Des gens marchent dans une rue alors que des manifestations éclatent à la suite de l'effondrement de la valeur de la monnaie, à Téhéran, en Iran, le 5 janvier 2026.  Photo : Reuters / Majid Asgaripour
Des gens marchent dans une rue alors que des manifestations éclatent à la suite de l'effondrement de la valeur de la monnaie, à Téhéran, en Iran, le 5 janvier 2026. Photo : Reuters / Majid Asgaripour

Que se passe-t-il en Iran?

Des dizaines de morts et plus d’un millier d’arrestations d’un bout à l’autre du pays. Des édifices religieux vandalisés, et l’armée américaine qui pourrait s’en mêler. Assistons-nous au début d’une nouvelle commotion en Iran?
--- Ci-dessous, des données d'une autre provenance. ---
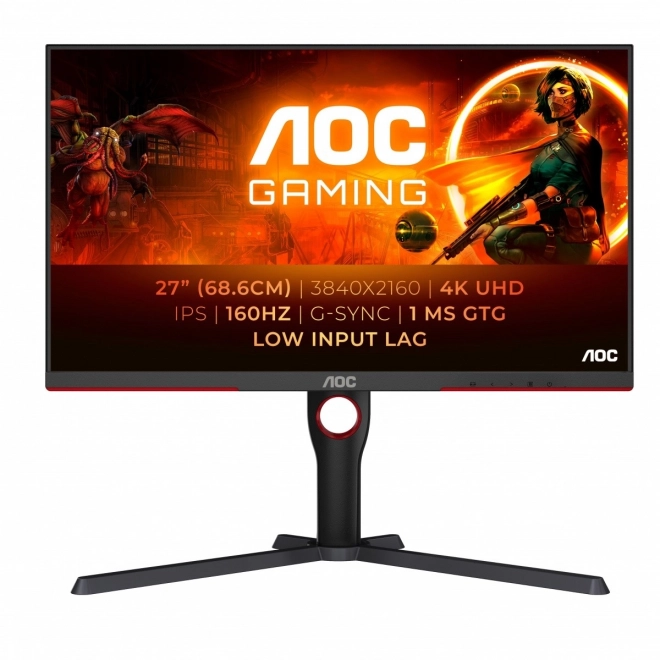 Monitor 27" IPS 4K 160Hz s funkciou pivot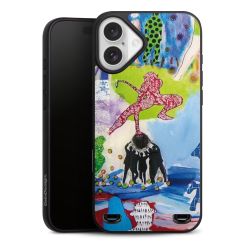 Organic Carry Case Hülle mit MagSafe  schwarz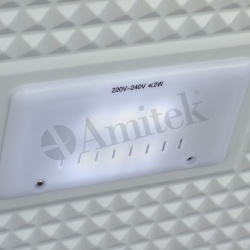 Ladă de congelare profesională 140 L, Amitek - Img 3
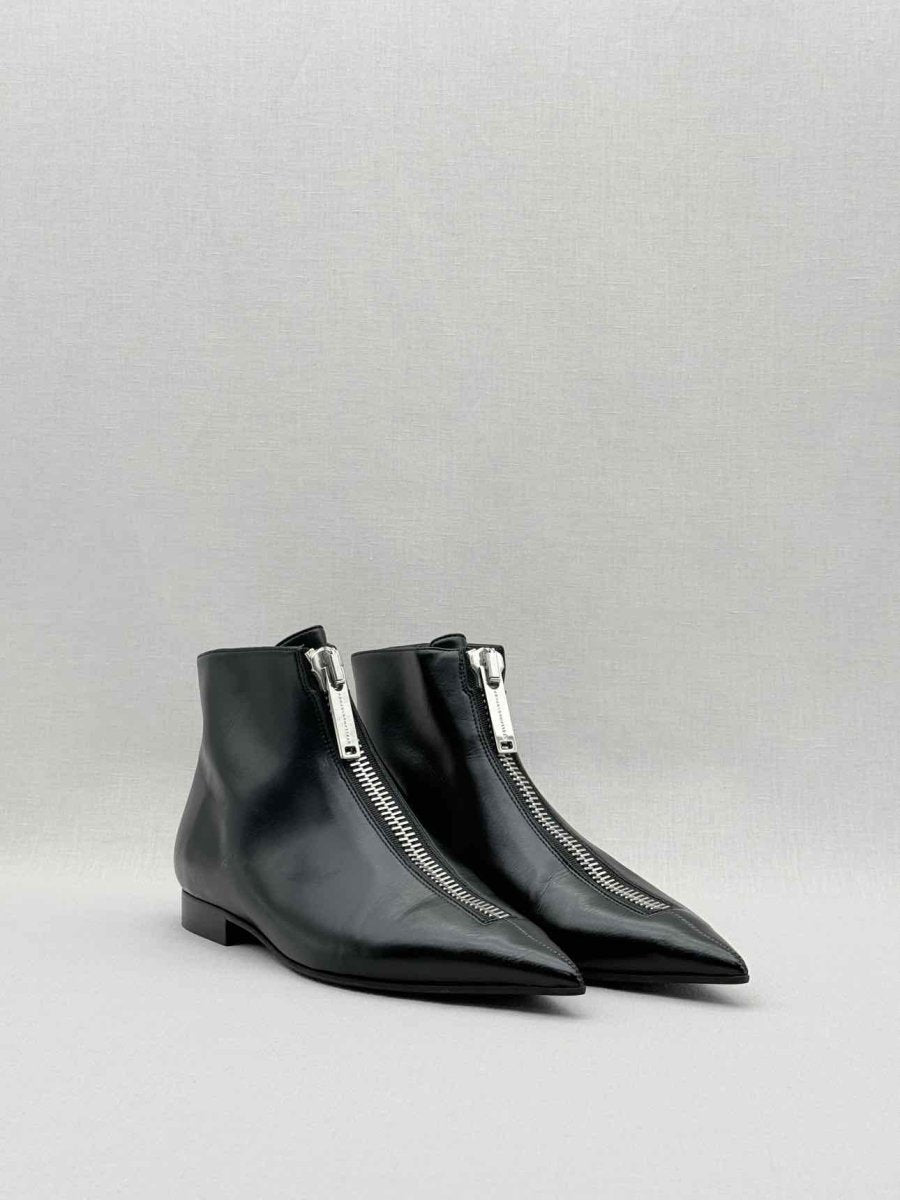 Pre - loved STELLA MCCARTNEY Black Size EU 36 Ankle Boots at Reems Closet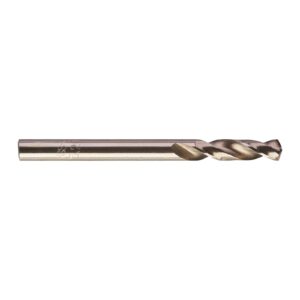 Burghie scurte HSS Ground pentru metal - DIN 1897 - set a câte 5 și 10 buc 5.2 mm Milwaukee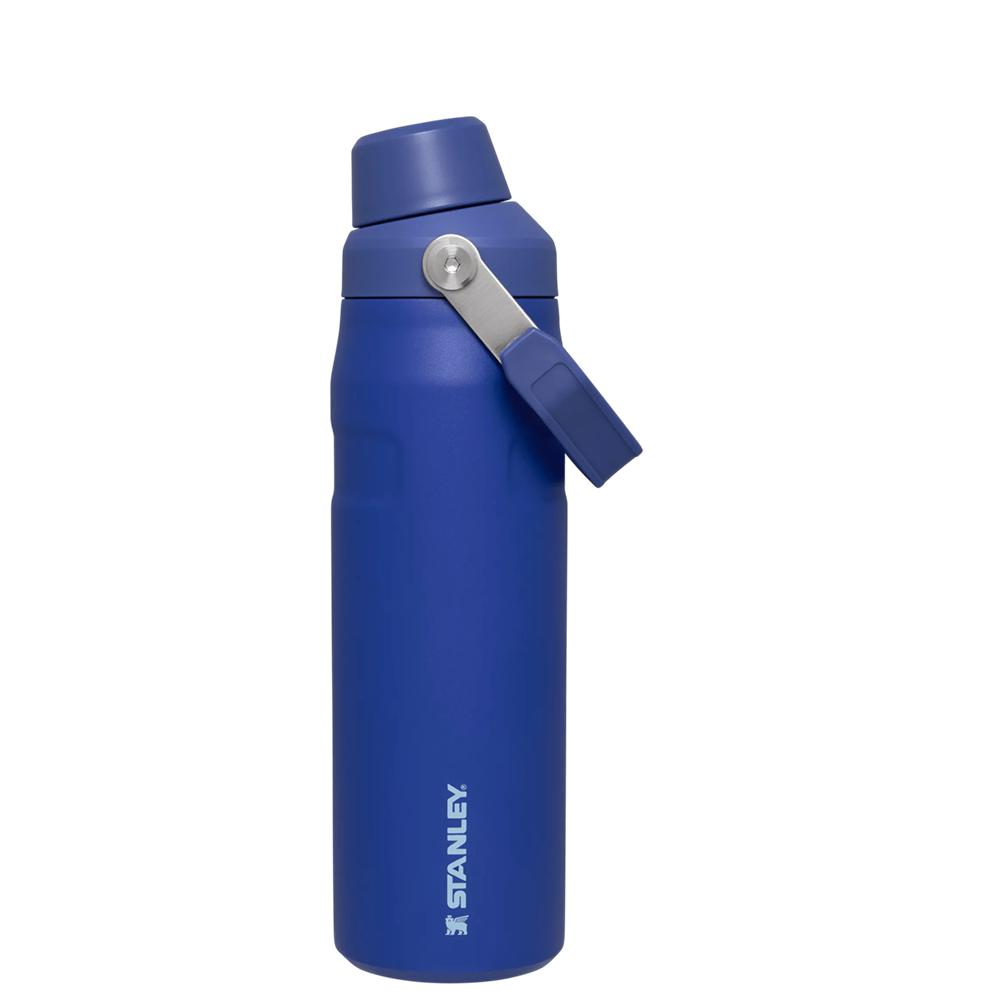 Blue Stanley IceFlow Insulated Bottle with Fast Flow Lid | 24 OZ Water Bottles | 48972-EABM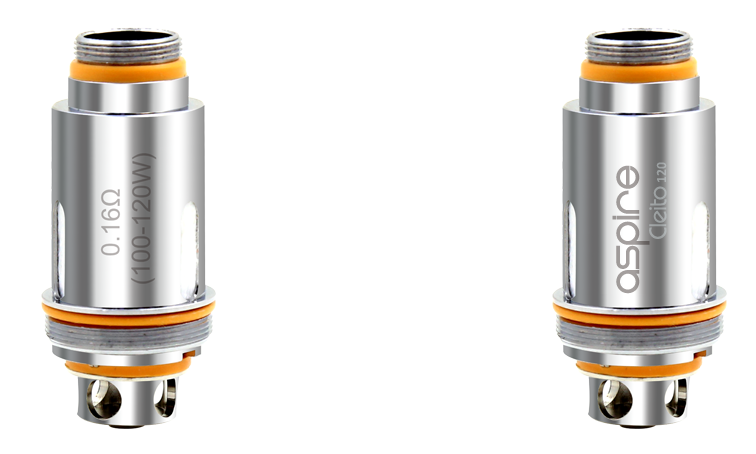 Aspire - Cleito 120 Ersatzverdampfer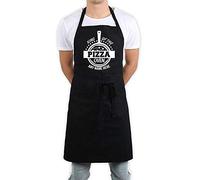 Daytripper Personalised 'Any Name' King Of The Pizza Oven Apron, Gift For Men, Funny Kitchen BBQ Aprons, Birthday, Christmas For Dads, Husband, Father's Day Gifts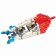 Constructor Children's Polym "Rocket for Adventures", 138 elements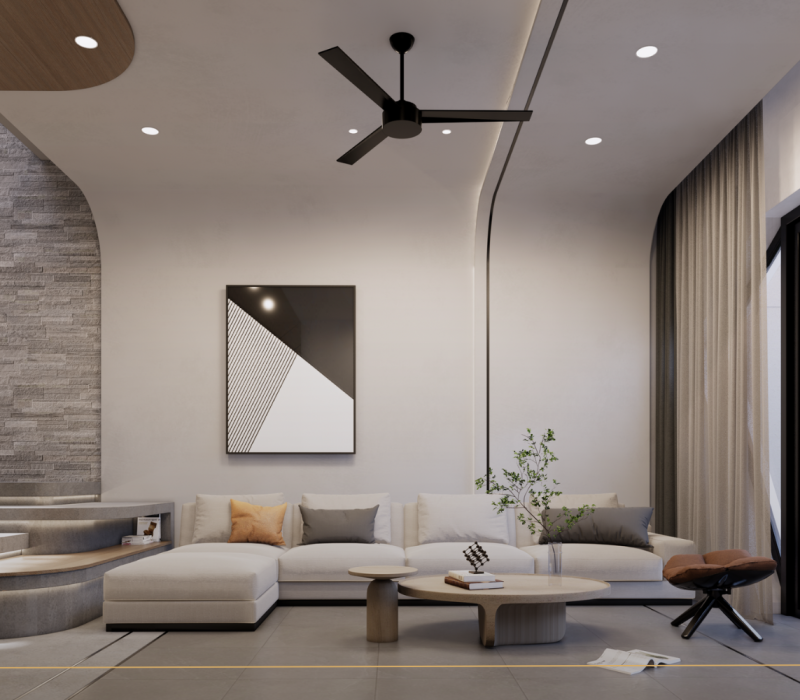 Nội Thất Dự Án Nhà Chị Lệ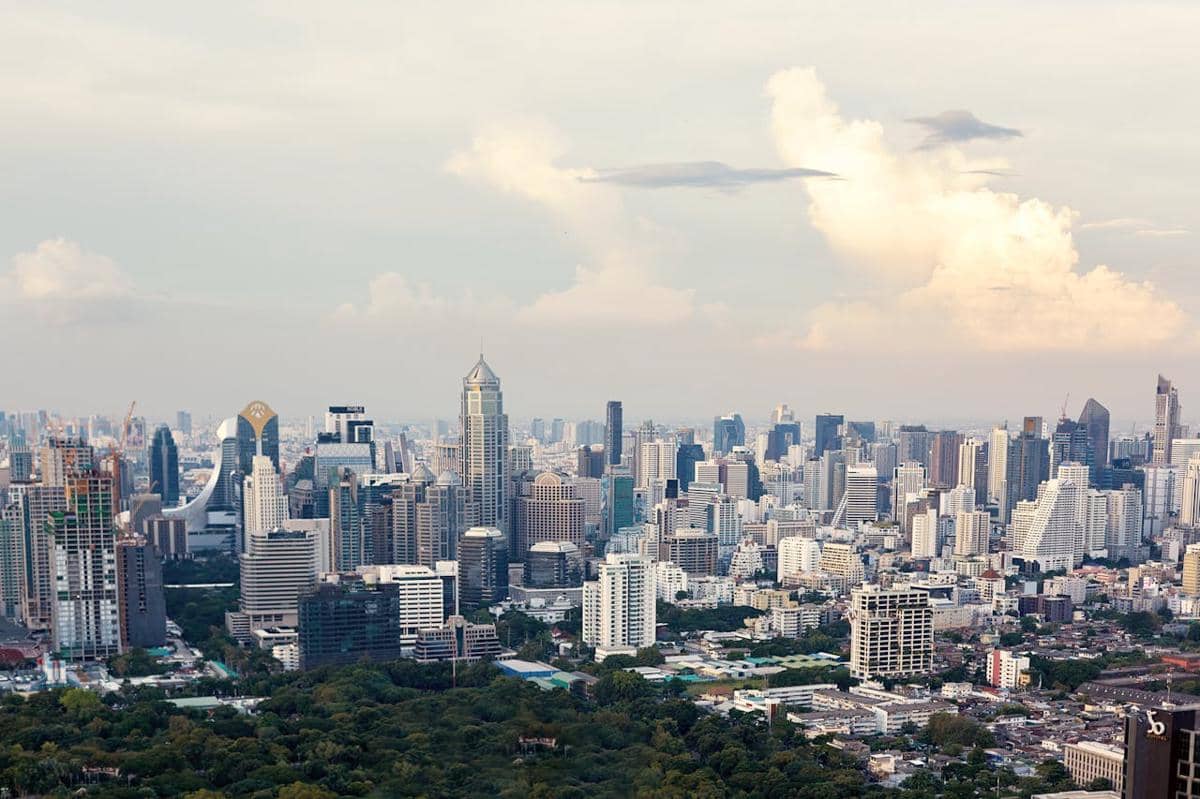 ilustrasi Bangkok, Thailand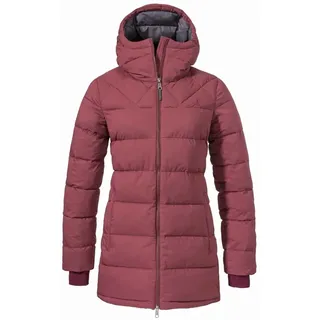 Schöffel Damen Boston Parka (Größe XS, lila)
Quels sont les derniers développements?

Tout a commencé le 28 décembre dernier, lorsque des commerçants du Grand Bazar de Téhéran, dans le cœur de la capitale, ont collectivement fermé boutique pour protester contre les politiques économiques du pays.

Dans les jours qui ont suivi, ils ont été rejoints par des étudiants de plus de 10 universités du pays. Rapidement, des protestations ont rassemblé des milliers de personnes dans au moins 28 des 31 provinces du pays, d'après des vidéos publiées sur les réseaux sociaux et authentifiées par plusieurs médias.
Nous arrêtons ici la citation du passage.